The submodule Iter
offers an implementation of iterators on persistent sequences.
Overview
Iterators offer a way of navigating through the elements of a sequence.
An iterator can be thought of as an integer index, which designates an element of the sequence. For convenience, we think of the sequence as surrounded by two sentinel elements, one at the beginning and one at the end. Thus, if the sequence has n elements, then an iterator can be thought of as an integer index that lies in the closed interval [-1, n]
. The special indices -1
and n
designate the two sentinel elements, while the ordinary indices in the semi-open interval [0, n)
designate the actual elements of the sequence.
There are two canonical ways of writing a loop that iterates over all elements, one by one. (In the following discussion, we consider iteration in the forward direction. Iteration in the backward direction is symmetric.)

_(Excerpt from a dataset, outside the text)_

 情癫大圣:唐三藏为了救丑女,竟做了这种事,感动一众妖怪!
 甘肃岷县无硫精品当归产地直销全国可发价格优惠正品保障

The first way is to create an iterator that points to the first element, using create
, and to move the iterator after fetching an element, using get_and_move
. The loop must continue until the iterator reaches the back sentinel, a condition that is tested using finished
. Such a loop looks as follows:
let it = create forward s in
while not (finished it) do
let x = get_and_move forward it in
...
done
This is analogous to the following way of iterating over an array a
of length n
:
let i = ref 0 in
while !i < n do
let x = a.(postincrement i) in
...
done
The second way relies on the fact that get
raises the exception End
when the iterator points to a sentinel. Thanks to this feature, one can also express the above loop as follows:
let it = create forward s in
try
while true do
let x = get_and_move forward it in
...
done
with End -> ()
An iterator also allows retrieving elements in batches, one segment at a time. The typical iteration pattern in this case is as follows:
let it = create forward s in
while not (finished i) do
let a, j, k = get_segment_and_jump forward it in
for j = j to j + k - 1 do
let x = a.(j) in
...
done
done
The function get_segment_and_jump
returns an an array segment, described by an array a
, a start index j
, and a length k
. The user is allowed to read this array segment, which contains the k
next elements of the sequence. In the above example, the elements of the array segment a, j, k
are processed one at a time using a for
loop.
When iterating backward, the segment must be traversed in reverse order. The typical iteration pattern in that case is as follows:
let it = create backward s in
while not (finished it) do
let a, j, k = get_segment_and_jump backward it in
for j = j + k - 1 downto j do
let x = a.(j) in
...
done
done
The auxiliary function Segment.iter
can be used to iterate over a segment, in either direction, without risk of error.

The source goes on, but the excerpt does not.